> _What is needed_
For the records below, copy exactly the span that begins at the line containing "Wireless Keyboard &" and stops after the line containing "Zazoo 20174 Skórzane", minus any pictures.

> _Entries provided_
──────────
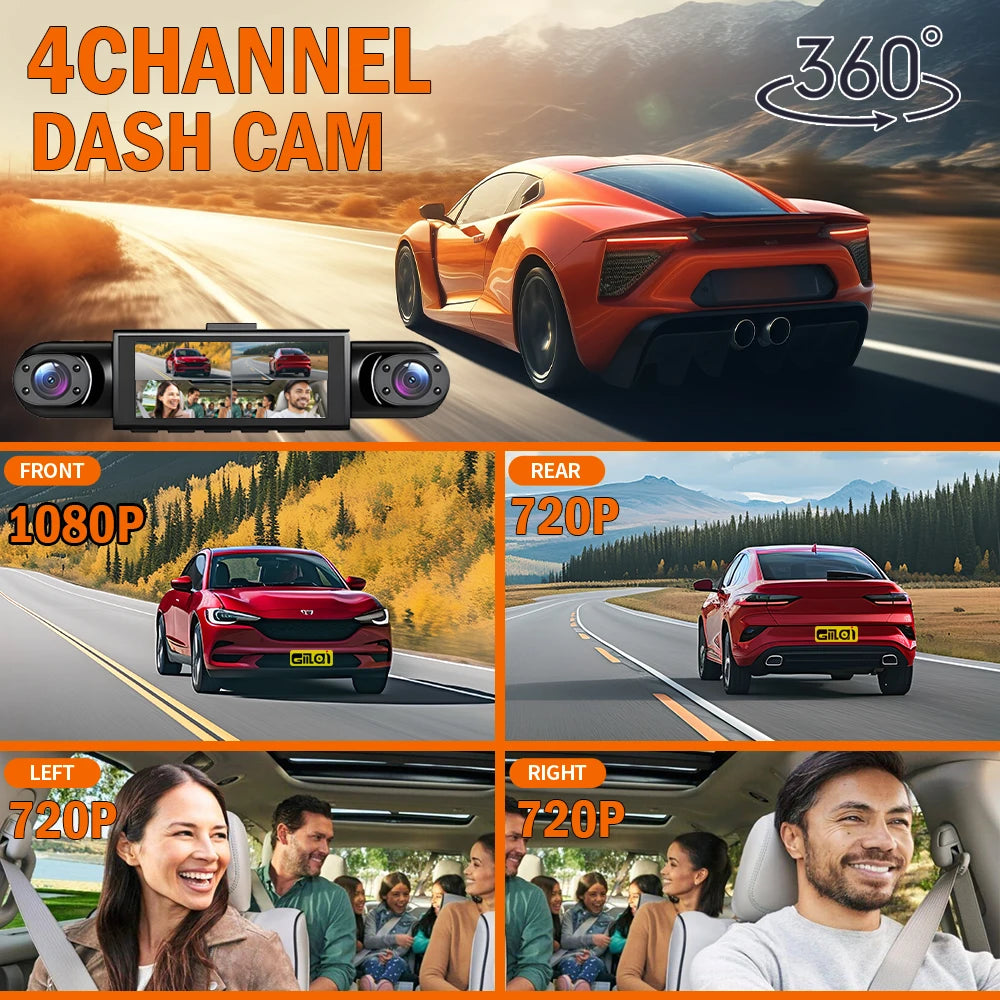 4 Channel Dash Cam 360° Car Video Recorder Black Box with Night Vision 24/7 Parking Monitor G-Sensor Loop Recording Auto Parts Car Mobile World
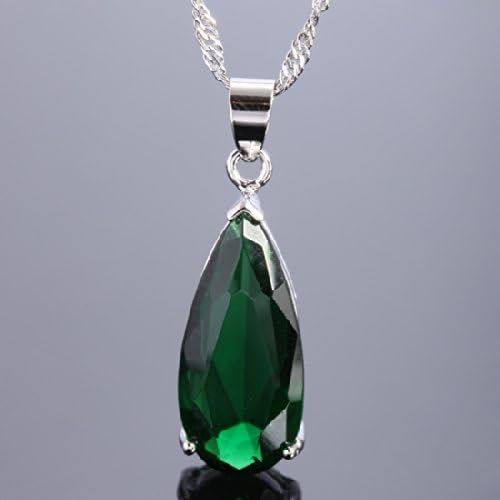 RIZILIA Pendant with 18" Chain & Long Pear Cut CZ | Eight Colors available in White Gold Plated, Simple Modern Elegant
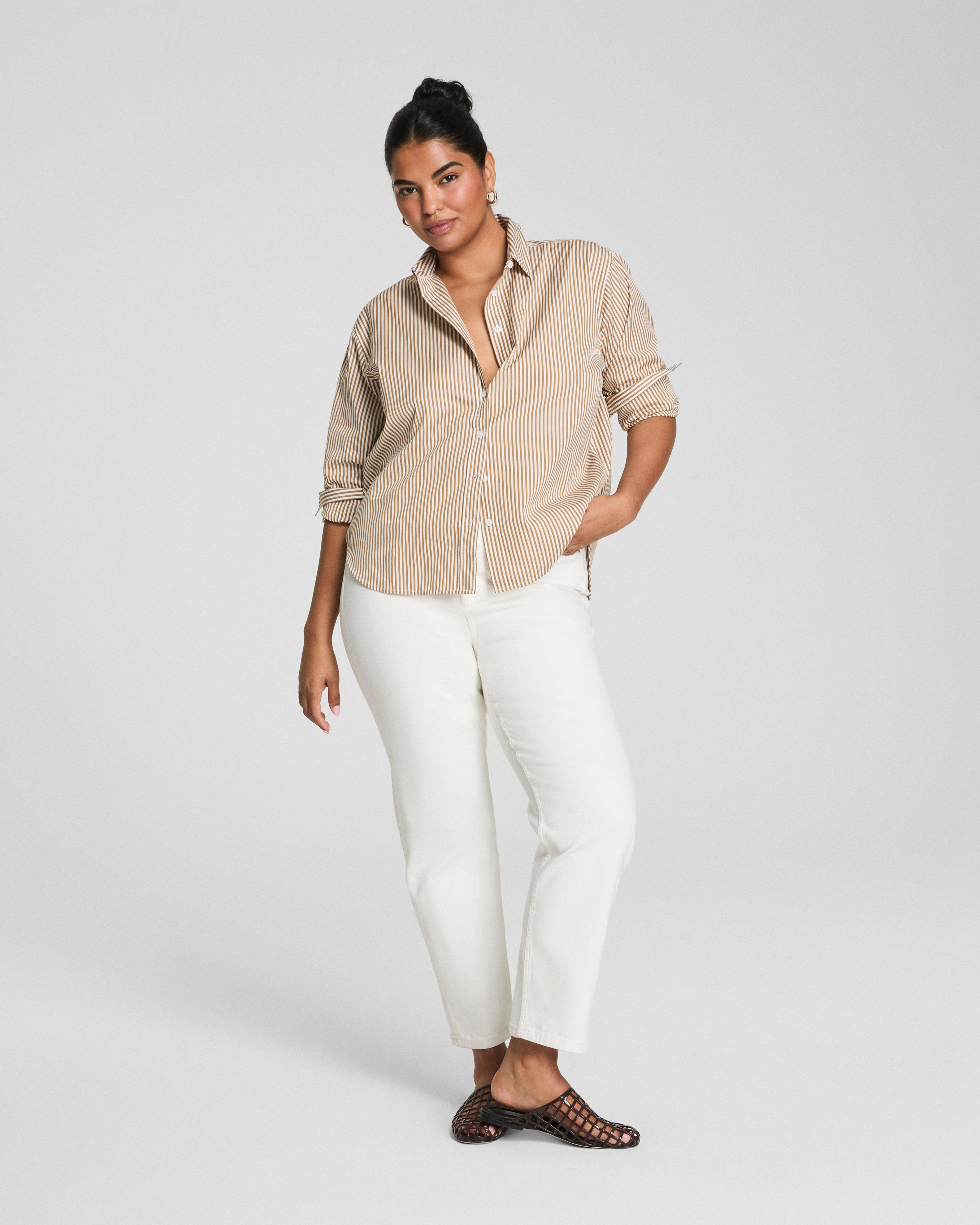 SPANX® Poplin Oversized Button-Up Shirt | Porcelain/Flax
──────────
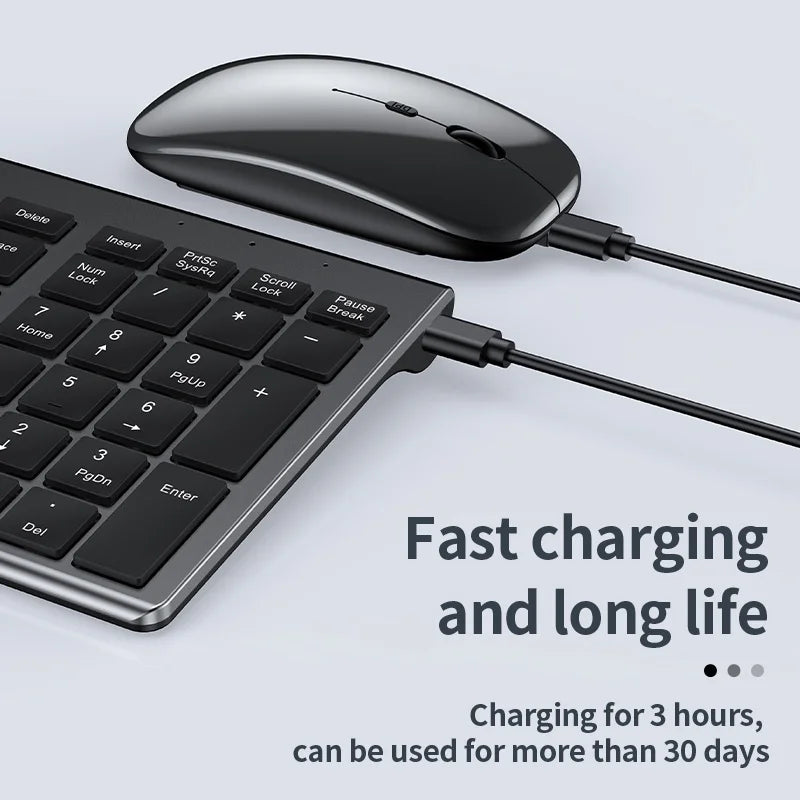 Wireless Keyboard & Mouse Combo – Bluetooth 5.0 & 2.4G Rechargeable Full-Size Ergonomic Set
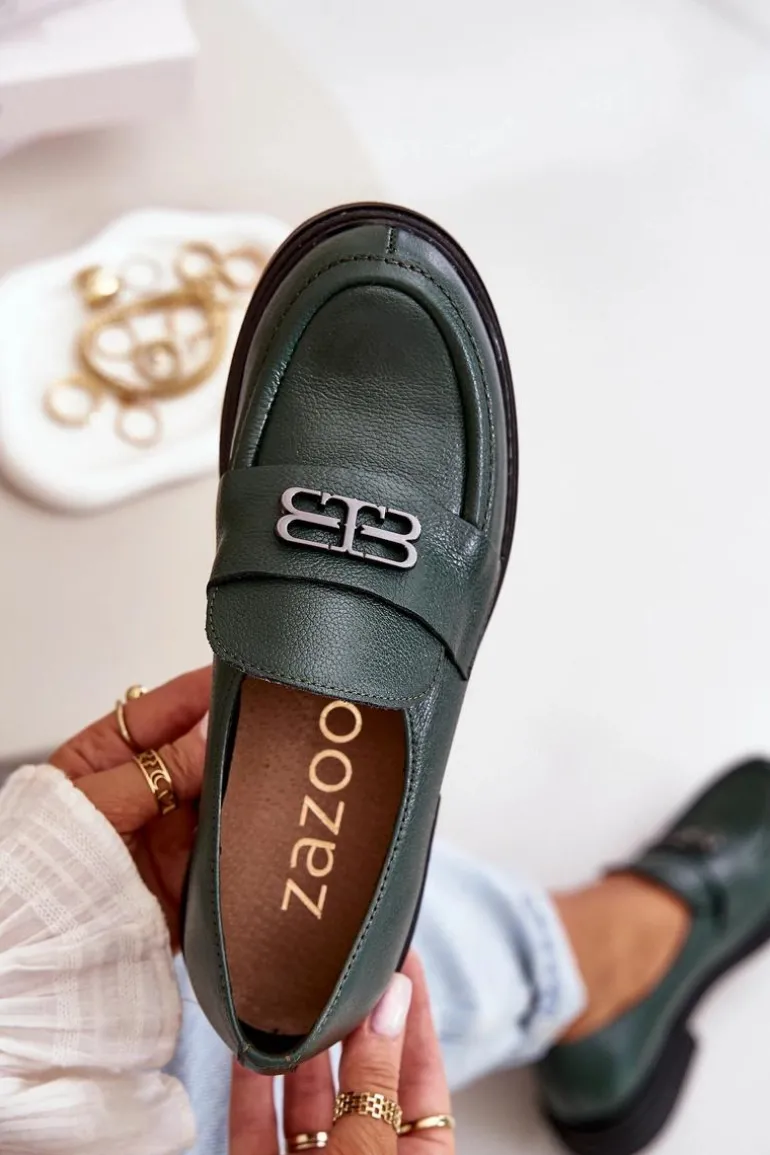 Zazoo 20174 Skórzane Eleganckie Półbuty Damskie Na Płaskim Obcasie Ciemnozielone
──────────
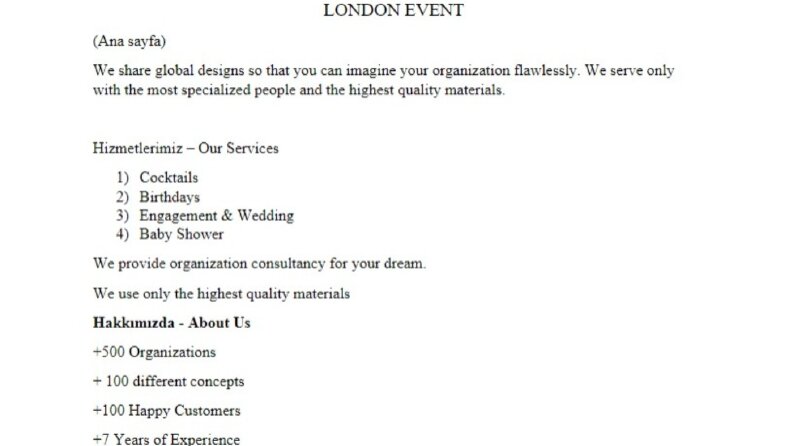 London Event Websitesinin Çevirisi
──────────
> _Output_
 Wireless Keyboard & Mouse Combo – Bluetooth 5.0 & 2.4G Rechargeable Full-Size Ergonomic Set
 Zazoo 20174 Skórzane Eleganckie Półbuty Damskie Na Płaskim Obcasie Ciemnozielone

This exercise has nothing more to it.